A meeting between Slough council officials and the town's football clubs will attempt to mend the break down in relations that has seen a 50 per cent reduction in teams hiring their grounds.

The planned meeting on April 20 was revealed when councillors on Slough Borough Council's neighbourhoods and community services scrutiny panel met on Tuesday.

Worried councillors raised their concerns with the authority's head of wellbeing and community services Ketan Gandhi.

Mr Gandhi revealed that hirings had dropped from 28 to 14 over three years as teams looked for cheaper sites.

Rising charges have been controversial but there have been other problems.

A sorry picture emerged as councillors discussed the growing number of issues - including teams from outside that surreptitiously use the pitches without paying and bad organisation that has seen changing rooms left locked when players expected to make use of them.

Cllr James Swindlehurst (Labour: Cippenham Green) said: "We have turned something that worked into something that's broken. The whole thing is rather sad."

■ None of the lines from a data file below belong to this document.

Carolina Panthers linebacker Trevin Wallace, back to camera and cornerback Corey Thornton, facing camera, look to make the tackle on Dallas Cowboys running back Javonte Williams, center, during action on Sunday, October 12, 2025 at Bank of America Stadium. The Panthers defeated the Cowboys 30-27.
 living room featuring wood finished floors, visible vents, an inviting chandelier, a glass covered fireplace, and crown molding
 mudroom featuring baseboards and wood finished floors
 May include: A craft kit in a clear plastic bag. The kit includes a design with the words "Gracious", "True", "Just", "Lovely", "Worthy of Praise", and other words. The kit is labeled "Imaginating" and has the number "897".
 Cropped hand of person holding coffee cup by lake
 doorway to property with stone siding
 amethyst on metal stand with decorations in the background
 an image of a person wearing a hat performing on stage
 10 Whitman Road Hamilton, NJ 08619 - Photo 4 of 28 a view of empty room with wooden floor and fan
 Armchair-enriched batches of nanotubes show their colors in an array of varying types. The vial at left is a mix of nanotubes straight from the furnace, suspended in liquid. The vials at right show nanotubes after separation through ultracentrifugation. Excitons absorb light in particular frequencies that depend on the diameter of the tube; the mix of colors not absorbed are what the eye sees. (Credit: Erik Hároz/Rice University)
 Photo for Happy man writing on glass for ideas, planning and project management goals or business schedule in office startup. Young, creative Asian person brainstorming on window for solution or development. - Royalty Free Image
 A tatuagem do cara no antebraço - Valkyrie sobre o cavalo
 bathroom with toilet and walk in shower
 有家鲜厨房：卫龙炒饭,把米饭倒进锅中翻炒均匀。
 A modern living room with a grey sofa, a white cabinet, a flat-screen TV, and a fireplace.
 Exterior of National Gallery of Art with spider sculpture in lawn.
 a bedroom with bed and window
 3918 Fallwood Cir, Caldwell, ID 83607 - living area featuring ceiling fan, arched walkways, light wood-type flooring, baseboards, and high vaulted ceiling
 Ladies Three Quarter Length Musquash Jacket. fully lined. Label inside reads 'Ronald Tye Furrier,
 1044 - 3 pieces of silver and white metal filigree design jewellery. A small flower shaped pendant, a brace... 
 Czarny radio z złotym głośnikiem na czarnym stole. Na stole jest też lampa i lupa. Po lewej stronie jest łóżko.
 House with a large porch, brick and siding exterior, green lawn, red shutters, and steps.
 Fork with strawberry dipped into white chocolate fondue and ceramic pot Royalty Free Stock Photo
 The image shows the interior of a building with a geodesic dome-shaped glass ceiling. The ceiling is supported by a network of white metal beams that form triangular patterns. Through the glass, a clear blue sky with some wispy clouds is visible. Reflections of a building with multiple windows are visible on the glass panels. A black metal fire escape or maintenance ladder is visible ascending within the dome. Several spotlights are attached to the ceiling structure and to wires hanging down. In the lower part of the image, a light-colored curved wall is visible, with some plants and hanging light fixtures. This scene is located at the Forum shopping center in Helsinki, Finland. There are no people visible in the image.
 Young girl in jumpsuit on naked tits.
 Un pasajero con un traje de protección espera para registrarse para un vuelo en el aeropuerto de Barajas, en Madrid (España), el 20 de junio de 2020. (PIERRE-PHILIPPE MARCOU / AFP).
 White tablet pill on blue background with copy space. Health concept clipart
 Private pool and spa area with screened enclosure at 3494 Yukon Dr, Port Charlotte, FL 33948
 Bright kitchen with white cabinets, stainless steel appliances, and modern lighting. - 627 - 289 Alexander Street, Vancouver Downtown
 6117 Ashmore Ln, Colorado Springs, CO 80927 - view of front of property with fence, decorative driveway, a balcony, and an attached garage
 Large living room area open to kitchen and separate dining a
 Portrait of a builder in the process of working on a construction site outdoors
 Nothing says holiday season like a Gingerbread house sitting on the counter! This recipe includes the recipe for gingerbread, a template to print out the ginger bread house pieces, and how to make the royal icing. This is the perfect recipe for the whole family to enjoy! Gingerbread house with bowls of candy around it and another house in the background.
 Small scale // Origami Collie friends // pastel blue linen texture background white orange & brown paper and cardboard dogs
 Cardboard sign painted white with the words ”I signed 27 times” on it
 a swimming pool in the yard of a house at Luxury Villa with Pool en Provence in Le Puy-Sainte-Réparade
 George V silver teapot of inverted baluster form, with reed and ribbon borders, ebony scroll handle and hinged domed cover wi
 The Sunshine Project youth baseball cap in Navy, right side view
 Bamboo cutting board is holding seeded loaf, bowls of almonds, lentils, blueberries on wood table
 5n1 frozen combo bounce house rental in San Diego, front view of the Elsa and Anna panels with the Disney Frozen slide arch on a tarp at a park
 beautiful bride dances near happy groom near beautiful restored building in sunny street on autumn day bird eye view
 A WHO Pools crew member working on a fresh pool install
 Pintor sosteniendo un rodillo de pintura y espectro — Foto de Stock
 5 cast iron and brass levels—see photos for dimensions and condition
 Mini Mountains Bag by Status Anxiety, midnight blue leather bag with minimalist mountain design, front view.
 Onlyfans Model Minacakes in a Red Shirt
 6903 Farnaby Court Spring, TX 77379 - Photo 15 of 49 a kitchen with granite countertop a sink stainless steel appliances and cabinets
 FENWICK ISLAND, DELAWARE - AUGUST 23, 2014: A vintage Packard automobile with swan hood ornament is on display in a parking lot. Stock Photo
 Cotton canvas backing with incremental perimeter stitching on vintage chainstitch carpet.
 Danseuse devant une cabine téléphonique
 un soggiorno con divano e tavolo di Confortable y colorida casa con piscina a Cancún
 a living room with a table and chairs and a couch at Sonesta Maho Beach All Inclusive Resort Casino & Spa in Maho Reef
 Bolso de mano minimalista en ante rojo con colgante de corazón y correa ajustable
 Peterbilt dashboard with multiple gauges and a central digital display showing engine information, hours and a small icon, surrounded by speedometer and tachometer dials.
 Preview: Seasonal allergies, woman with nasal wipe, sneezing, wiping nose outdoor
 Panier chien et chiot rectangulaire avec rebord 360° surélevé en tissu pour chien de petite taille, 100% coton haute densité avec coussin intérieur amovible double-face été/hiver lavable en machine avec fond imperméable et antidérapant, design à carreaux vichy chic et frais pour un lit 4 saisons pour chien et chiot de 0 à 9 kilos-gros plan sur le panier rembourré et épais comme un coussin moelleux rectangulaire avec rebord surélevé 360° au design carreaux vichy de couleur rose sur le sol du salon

Mr Gandhi felt that part of the problem might be that the running of the pitches had tended to fall confusingly between three departments - parks, leisure and corporate landlord.

He was optimistic about the number of children's clubs still using the grounds but acknowledged that some adult clubs had been lost.

Councillors agreed unanimously to work to regain the initiative as soon as possible, by making their pitches welcoming again.

It was even hoped that woman's football could soon flourish in the town.